[Supplied information — start]

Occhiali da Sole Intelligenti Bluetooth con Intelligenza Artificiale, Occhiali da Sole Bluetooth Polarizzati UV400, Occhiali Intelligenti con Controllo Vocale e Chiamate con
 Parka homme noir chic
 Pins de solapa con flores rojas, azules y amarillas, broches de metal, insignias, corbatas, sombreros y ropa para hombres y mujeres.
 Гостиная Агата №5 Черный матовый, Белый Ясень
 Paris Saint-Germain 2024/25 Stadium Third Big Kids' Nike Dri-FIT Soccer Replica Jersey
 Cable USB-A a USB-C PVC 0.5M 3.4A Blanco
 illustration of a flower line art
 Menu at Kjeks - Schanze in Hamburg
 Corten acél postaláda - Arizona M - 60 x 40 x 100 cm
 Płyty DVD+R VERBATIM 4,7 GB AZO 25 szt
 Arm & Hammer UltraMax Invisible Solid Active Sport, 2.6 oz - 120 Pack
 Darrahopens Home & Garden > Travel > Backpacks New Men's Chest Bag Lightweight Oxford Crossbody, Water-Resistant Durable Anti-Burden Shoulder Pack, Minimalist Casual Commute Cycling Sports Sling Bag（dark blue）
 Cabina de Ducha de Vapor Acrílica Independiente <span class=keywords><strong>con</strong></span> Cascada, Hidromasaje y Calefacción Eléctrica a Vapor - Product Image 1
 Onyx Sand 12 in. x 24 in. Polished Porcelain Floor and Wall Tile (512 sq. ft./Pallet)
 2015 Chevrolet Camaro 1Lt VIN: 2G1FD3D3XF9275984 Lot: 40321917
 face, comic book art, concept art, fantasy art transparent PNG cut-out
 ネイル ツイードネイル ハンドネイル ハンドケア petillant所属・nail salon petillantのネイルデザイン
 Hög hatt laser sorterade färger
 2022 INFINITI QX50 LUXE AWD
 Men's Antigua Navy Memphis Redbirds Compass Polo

[Supplied information — finish]

- _Task prompt_: Only the lines from the first line of the material above through the line that contains "face, comic book" should be quoted, each one exactly.

- _Task answer_:
Occhiali da Sole Intelligenti Bluetooth con Intelligenza Artificiale, Occhiali da Sole Bluetooth Polarizzati UV400, Occhiali Intelligenti con Controllo Vocale e Chiamate con
 Parka homme noir chic
 Pins de solapa con flores rojas, azules y amarillas, broches de metal, insignias, corbatas, sombreros y ropa para hombres y mujeres.
 Гостиная Агата №5 Черный матовый, Белый Ясень
 Paris Saint-Germain 2024/25 Stadium Third Big Kids' Nike Dri-FIT Soccer Replica Jersey
 Cable USB-A a USB-C PVC 0.5M 3.4A Blanco
 illustration of a flower line art
 Menu at Kjeks - Schanze in Hamburg
 Corten acél postaláda - Arizona M - 60 x 40 x 100 cm
 Płyty DVD+R VERBATIM 4,7 GB AZO 25 szt
 Arm & Hammer UltraMax Invisible Solid Active Sport, 2.6 oz - 120 Pack
 Darrahopens Home & Garden > Travel > Backpacks New Men's Chest Bag Lightweight Oxford Crossbody, Water-Resistant Durable Anti-Burden Shoulder Pack, Minimalist Casual Commute Cycling Sports Sling Bag（dark blue）
 Cabina de Ducha de Vapor Acrílica Independiente <span class=keywords><strong>con</strong></span> Cascada, Hidromasaje y Calefacción Eléctrica a Vapor - Product Image 1
 Onyx Sand 12 in. x 24 in. Polished Porcelain Floor and Wall Tile (512 sq. ft./Pallet)
 2015 Chevrolet Camaro 1Lt VIN: 2G1FD3D3XF9275984 Lot: 40321917
 face, comic book art, concept art, fantasy art transparent PNG cut-out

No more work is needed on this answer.